Levando o seriado às últimas conseqüências, “Aqua Teen Hunger Force Colon Movie Film For Theaters” é um ataque à ditadura do “sentido” através da violação dos “sentidos”, do confronto à censura. Mais além, é o pioneiro grande manifesto do pós-pós-surrealismo. A visão de um grupo de alimentos em embalagens descartáveis antropomórficos, habitantes de um subúrbio americano, tentando impedir uma ameaça alienígena (porém saudável para o físico) enquanto descobrem acidentalmente suas raízes deixaria Buñuel e Dalí verdes de inveja já mesmo a partir da impossibilidade de sua concepção e recepção. A gênese de “Aqua Teen Hunger Force” é por si só uma barreira erguida pela ciência da incompreensibilidade, cujo padrão de qualidade é a repleta falta do mesmo. Sua existência é algo tão inconcebível que o torna uma heresia.
“Aqua Teen Hunger Force Colon Movie Film for Theaters” segue em frente destemido, repleto de atitude e autoconfiança. Juro por Deus, este filme estava cagando e andando para o que eu ou qualquer pessoa achava dele. Para falar a verdade, os diretores chegam a impor uma inassistibilidade ao filme que o faz oscilar entre o insuportável e o absolutamente sublime. Estaria mentindo se dissesse que eu ri sem parar, mas não seria exagero dizer que eu não consegui passar mais de 10 segundos sério. O filme de Dave Willis e Matt Maiellaro é mais do que um sopro reconfortante de vida em uma contracultura adormecida; “Aqua Teen Hunger Force” é pós-contracultura, opõe-se a toda e qualquer coisa existente, masturbando-se furiosamente em cima de sua ridícula falta de trama principal e gozando aleatoriamente suas piadas vulgares, cruas e insanas no rosto do espectador, boquiaberto, rendido e engasgado. “Aqua Teen Hunger Force Colon Movie Film For Theaters” estabelece ele mesmo o próprio caos que os escritores necessitam para gerar o humor.

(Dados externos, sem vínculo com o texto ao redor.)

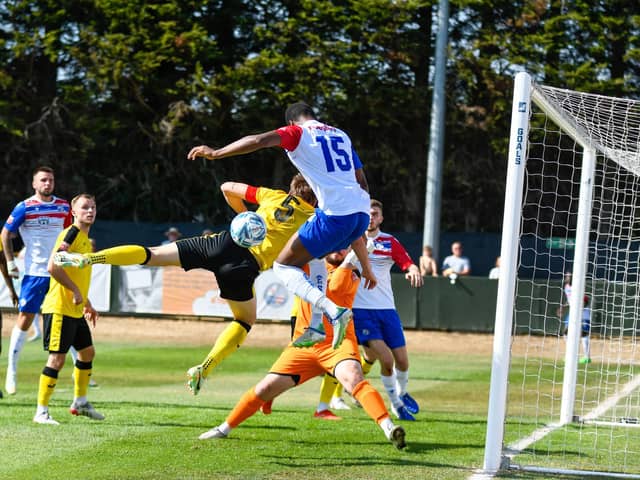Evangelos-Nikalaos Empochontsif was off target with this header in Diamonds' goalless draw with Needham Market. Pictures courtesy of Hawkins Images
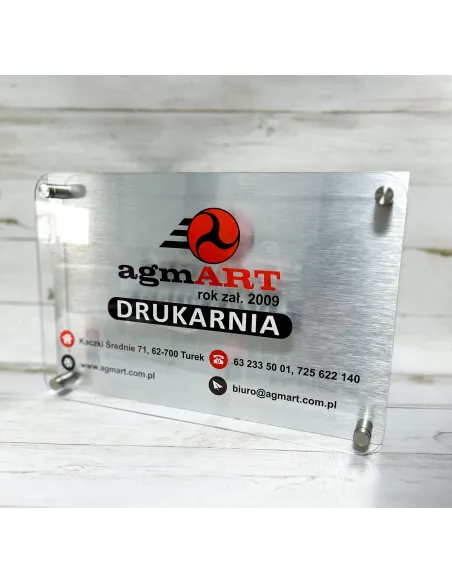 Tabliczka ADRESOWA nr domu miasto 30x20 dibond plexi + DYSTANSE montażowe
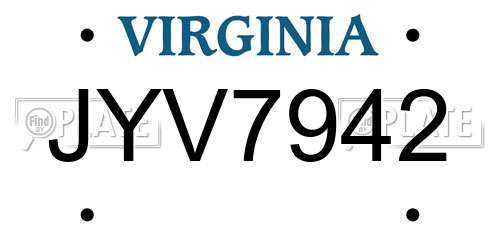 JYV7942 Virginia License Plate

Na sua já histórica seqüência de abertura, o filme não apenas assume as verdadeiras intenções comerciais de uma produção cinematográfica qualquer (o espectador pode perfeitamente sair do cinema antes do filme começar, já que o dinheiro – que era o grande interesse - já foi pago mesmo e cinema só apresenta possibilidade de ressarcimento em casos extremos), mas vai além ao defender a visão do autor com uma sonora ameaça à crescente falta de educação do público cinematográfico: o anúncio vintage de bombonière se transforma num videoclipe de trash metal (protagonizado por um grupo integrado por uma jujuba com piercing e um nacho baterista, entre outros) cujas letras – que surgem legendadas, para não haver erro de interpretação – comandam o espectador a prestar atenção no filme, não beijar a namorada, não trazer bebês ao cinema, não piratear e a não chutar a cadeira da frente – todos os “crimes cinematográficos” com direito a punição gráfica (“Não converse! Assita!” urra o vocalista). Tal seqüência é uma forma hilária de defender e atualizar uma experiência cinematográfica clássica, situação na qual “Aqua Teen Hunger Force” desconfortavelmente se encaixaria. O longa-metragem dificilmente pode ser considerado cinematográfico, assim como decididamente não é televisivo. Num flashback expositivo, o Fantasma Cibernético de Natais Passados (e esse é o nome oficial do personagem) recorre a uma ilustração em still, praticamente um scroll, que aborda todos os elementos que fariam do Insanoflex, o monolito de “Aqua Teen Hunger Force” (trata-se de um aparelho de ginástica alienígena maligno), uma ameaça intergaláctica. Os que acusam a pobreza técnica do desenho animado, os diretores confrontam com uma imagem desprovida de qualquer movimento (o que não é nada cinematográfico ou televisivo), e sub-arte por pertencer ao (claramente) descritivo.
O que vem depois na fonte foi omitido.